Comparing this result to the older answers that were posted also shows how they were basically moving in the correct direction but made mistakes along the way, too. Because arithmetical mistakes are easy to make, when one has the chance it's a good idea to check probabilistic calculations with simulations. For instance, the following R statement generates a large number of five-packs of drugs as described in the question (using the answer I obtained) and, to check my answer, computes the fraction with totals less than 7.5 ml:

mean(colSums(matrix(rnorm(5*1e6, 1.55, -0.25/qnorm(0.5/100) / sqrt(5)), nrow=5)) < 7.5)

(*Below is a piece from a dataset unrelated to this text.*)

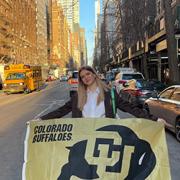 Lily Combs holding a Buffs flag on the streets of New York.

(You can see all the data from the question embedded in this expression, along with the value 1e6 giving the number of five-packs to simulate.) When I run and re-run this code (which takes less than a second each time), I consistently obtain results between 0.0048 (0.48%) and 0.0052 (0.52%), in satisfactory agreement with the intended 0.5% target.

Answer 2

I think your understanding of the variance of the sum is mistaken. The variance of the 5-pack sum is 25 times the variance of the single pack.

Answer 3

\begin{align} 5\times 1.55 &= 7.75 \\ 5\times SD &= 5SD \end{align} Problem statement: $P(X<7.5)<0.005$ \begin{align} \frac{(7.5-7.75)}{(5SD^2)^{1/2}} &< 0.005 \\[8pt] \frac{-0.25}{2.576} &= (5SD^2)^{1/2} \\[5pt] &-0.0970 / 5^{(1/2)} \end{align} $0.0434$ as the standard deviation can never me negative, take the mod value.